Set down, word for word, every line of the listing below, starting with the one that contains "Elegant burgundy backless" and ending with the final line. Include nothing else.

* [GIVEN DATA]:
■ ■ ■

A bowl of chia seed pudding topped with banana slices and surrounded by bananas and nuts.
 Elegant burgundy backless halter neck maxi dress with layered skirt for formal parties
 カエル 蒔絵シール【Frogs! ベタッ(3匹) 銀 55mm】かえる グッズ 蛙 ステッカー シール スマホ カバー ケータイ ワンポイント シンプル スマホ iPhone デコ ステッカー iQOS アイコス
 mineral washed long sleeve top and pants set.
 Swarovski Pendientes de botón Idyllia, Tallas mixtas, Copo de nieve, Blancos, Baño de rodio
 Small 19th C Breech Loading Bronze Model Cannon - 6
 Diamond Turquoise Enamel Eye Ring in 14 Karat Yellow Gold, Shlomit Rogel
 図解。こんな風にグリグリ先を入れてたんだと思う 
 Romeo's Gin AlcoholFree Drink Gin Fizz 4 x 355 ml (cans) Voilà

■ ■ ■

* [ANSWER TO THIS EXERCISE]:
 Elegant burgundy backless halter neck maxi dress with layered skirt for formal parties
 カエル 蒔絵シール【Frogs! ベタッ(3匹) 銀 55mm】かえる グッズ 蛙 ステッカー シール スマホ カバー ケータイ ワンポイント シンプル スマホ iPhone デコ ステッカー iQOS アイコス
 mineral washed long sleeve top and pants set.
 Swarovski Pendientes de botón Idyllia, Tallas mixtas, Copo de nieve, Blancos, Baño de rodio
 Small 19th C Breech Loading Bronze Model Cannon - 6
 Diamond Turquoise Enamel Eye Ring in 14 Karat Yellow Gold, Shlomit Rogel
 図解。こんな風にグリグリ先を入れてたんだと思う 
 Romeo's Gin AlcoholFree Drink Gin Fizz 4 x 355 ml (cans) Voilà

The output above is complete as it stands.